Best gyoza? The King of Gyoza at Nikuman-ya (but only on weekends)

Name of restaurant: Nikuman-ya (but on weekends, the King of Gyoza)

What dish represents the restaurant, and why? The weekends-only gyoza is the best in Southern California: juicy pan-fried pork dumplings made with from-scratch skins and filled with juicy meat. They’re seven to an order, cooked and served in a nestled row, their bottoms burnished and crispy. Connecting the dumplings is a fine, shattery brown lace of flour that gets cooked with the water that’s added to the pan to simultaneously steam the gyoza as they’re frying.

Runner-ups: Big Chinese-style fluffy steamed pork buns filled with char siu pork and pan-fried pork and vegetable dumplings. But especially the Japanese cha shu, marinated braised pork loin (the kind you get on top of a bowl of ramen), which you can order in advance by the pound -- and you should because it’s pretty glorious.

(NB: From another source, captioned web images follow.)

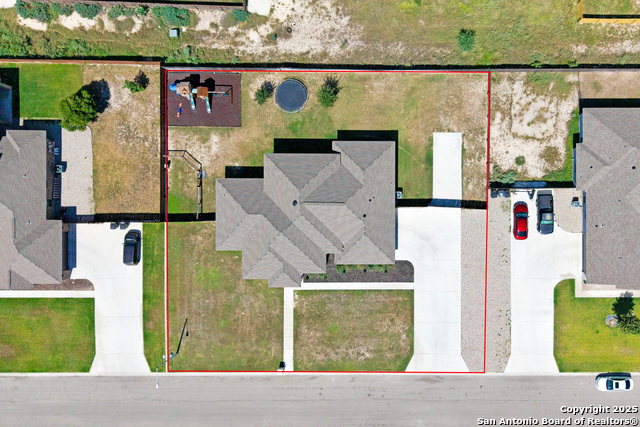 Listing photo id 2 for 406 Mountain View Drive
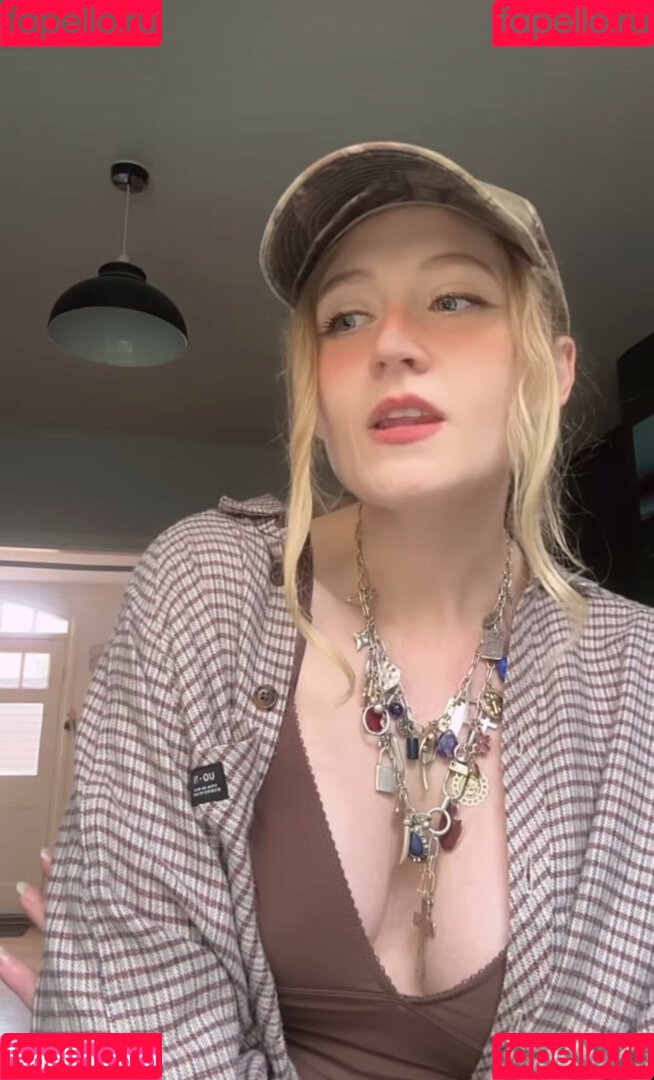 Janet Devlin Onlyfans Photo Gallery 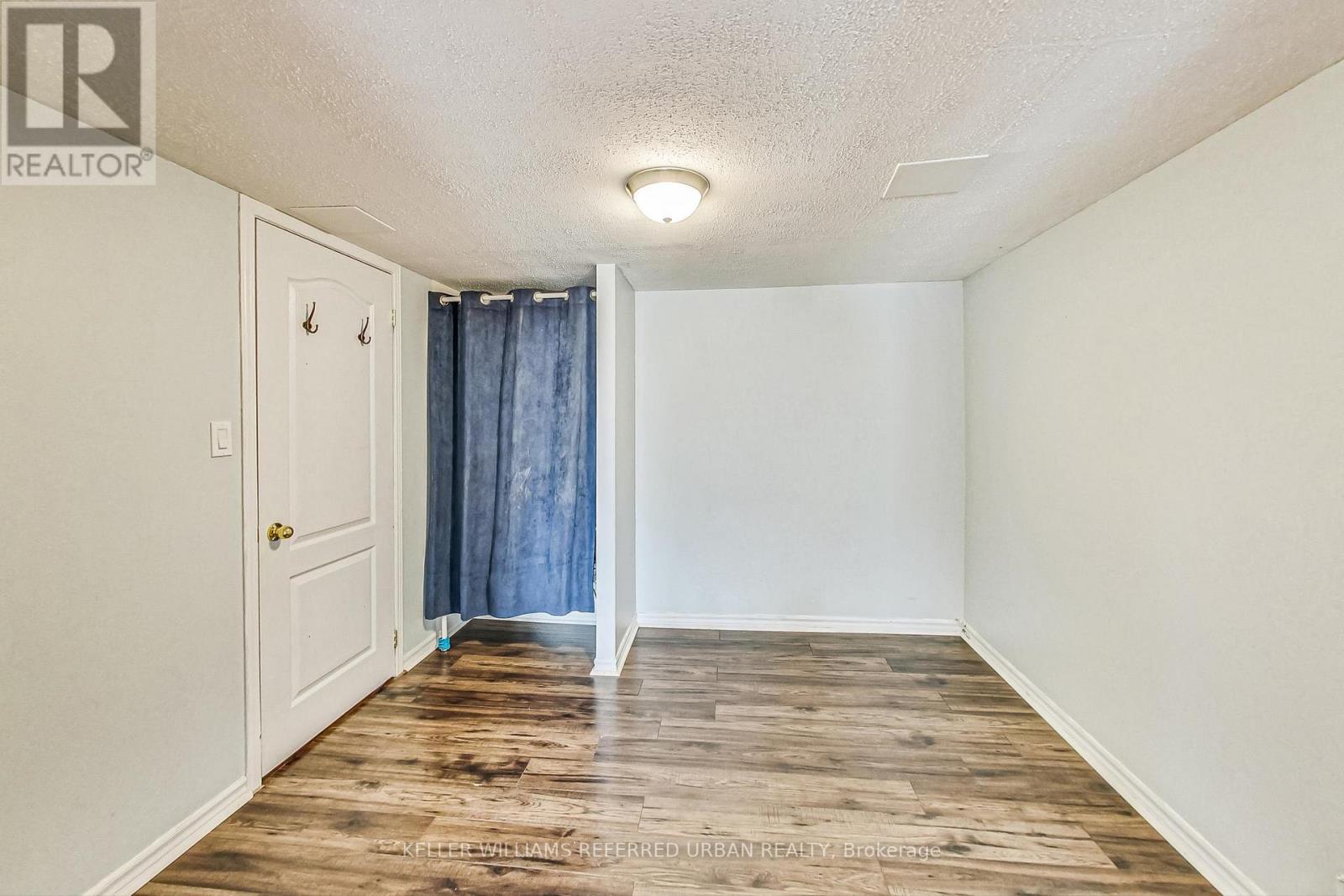 30 DOOLEY CRES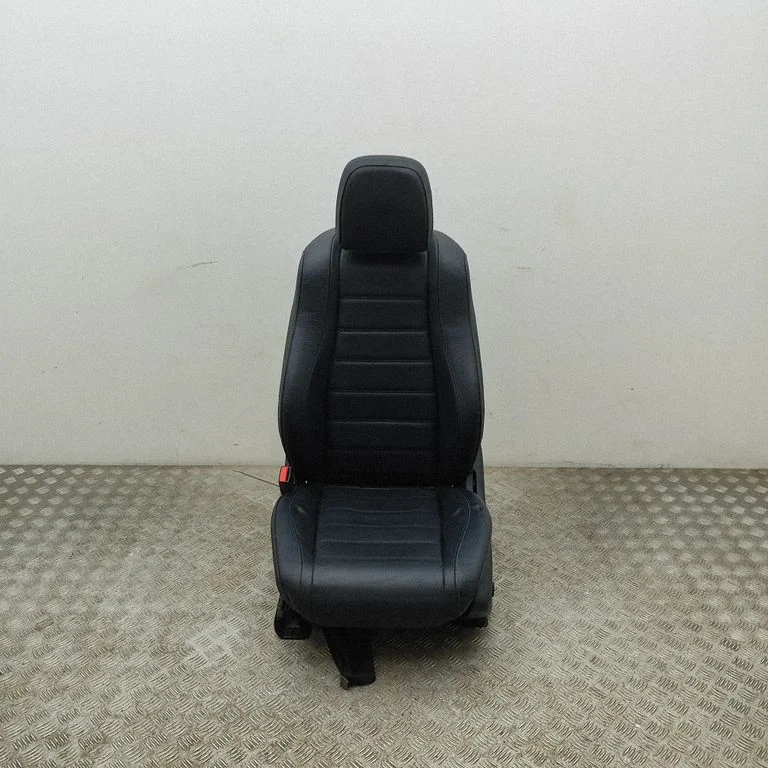 Fotel kierowcy A0009102812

Concept: Steamed pork buns all the time, gyoza on the weekends, at a stand in the food court of Marukai Market in Gardena. Nikuman is the Japanese word for Chinese baozi, fluffy, slightly sweet steamed buns usually filled with pork. Chef-owner Kenichi Usui worked in a Chinese restaurant in Tokyo for several years, so he describes his food as “more Japanese-Chinese.” He works by himself at Nikuman-ya except for on the weekends when he has one employee, which allows him to take the extra time to cook gyoza, 700 to 1,000 every weekend.

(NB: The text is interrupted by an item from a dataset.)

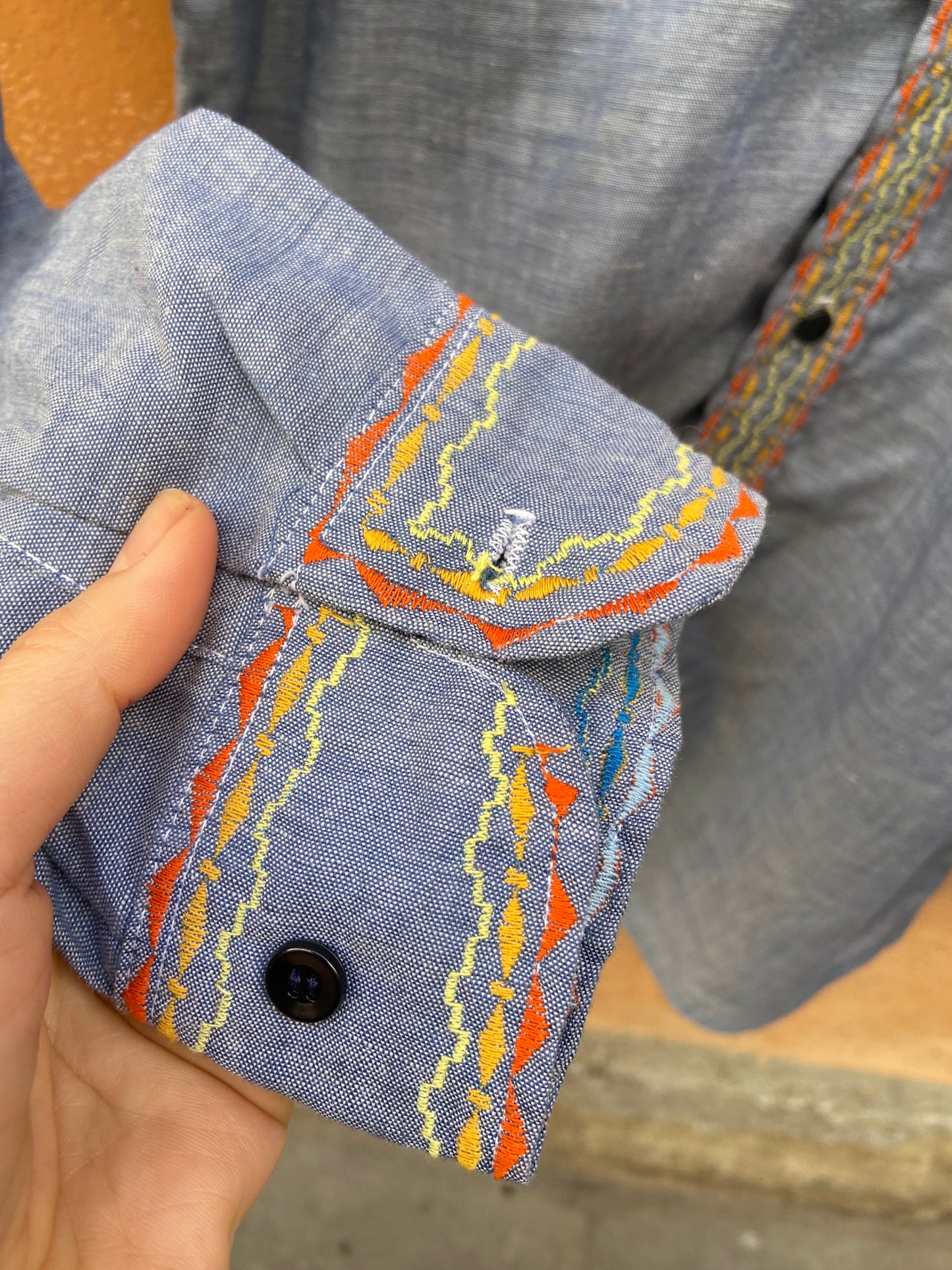 Camicia jeans impunture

Who’s at the next table: You’re sitting next to the Gundam toy display inside Marukai Market. One table over are a couple of wizened Japanese American construction workers, one sporting a T-shirt that reads “I [Heart] to Fart.”

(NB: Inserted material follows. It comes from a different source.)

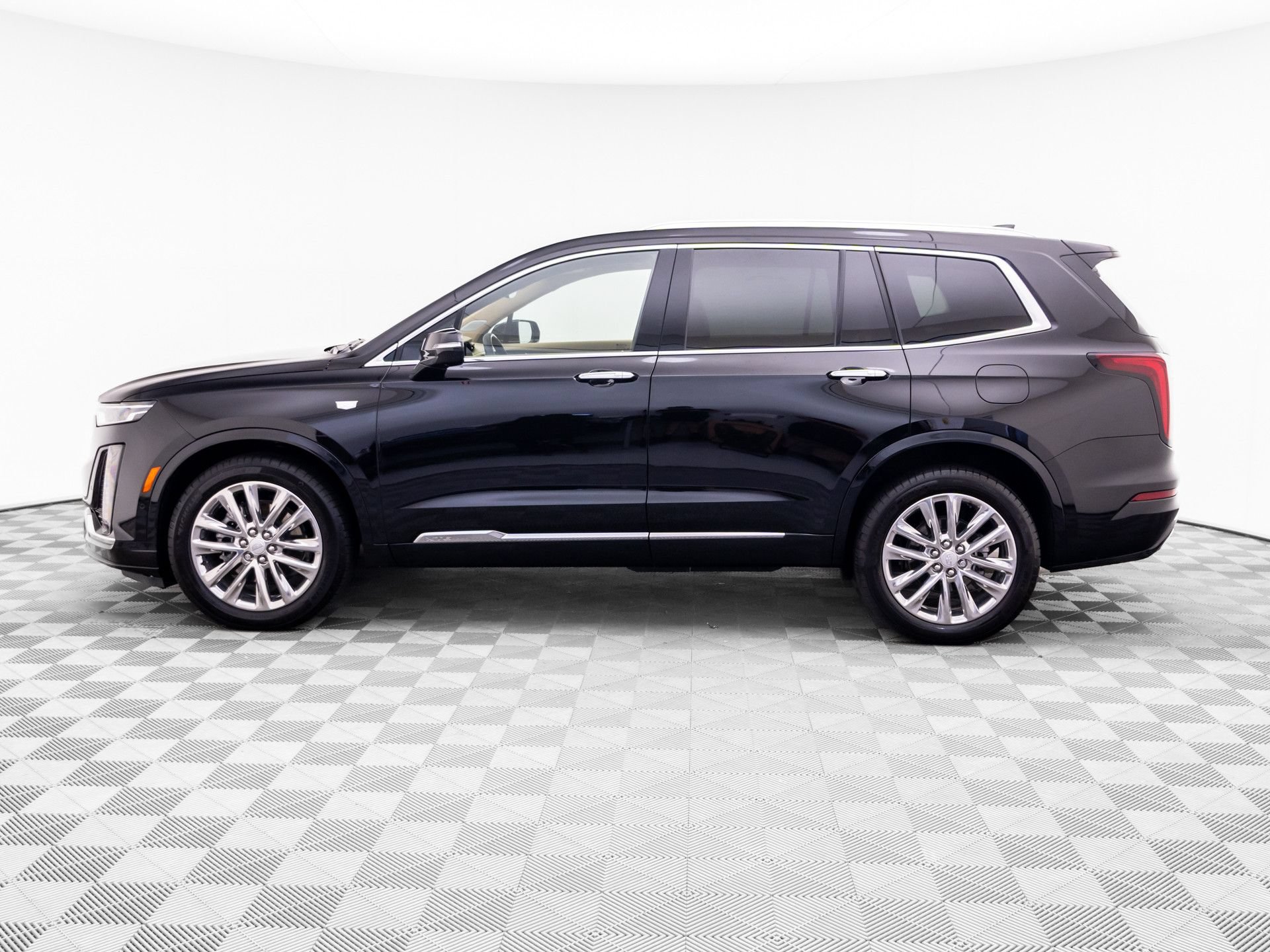 Certified 2025 Cadillac XT6 Premium Luxury w/ Platinum Package AWD/4WD image 2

Appropriate for ... : A snack or meal of gyoza, dumplings and cha shu, maybe with a side of potato salad. There’s also a set menu of gyoza that comes with dipping sauce, rice, pickles and miso soup. Or if you’re just shopping at Marukai and want to take gyoza home to cook yourself, see if any frozen gyoza are available for purchase. They’ll come with cooking instructions, at the bottom of which reads: “Please call Ken if you have any questions!”

Uh-oh ... : Gyoza are not available every day.

Service: Friendly and fast counter service; Usui or his one employee will be manning the cash register and cooking.

What are you drinking? Iced green tea. For dessert, there’s a Beard Papa stand nearby.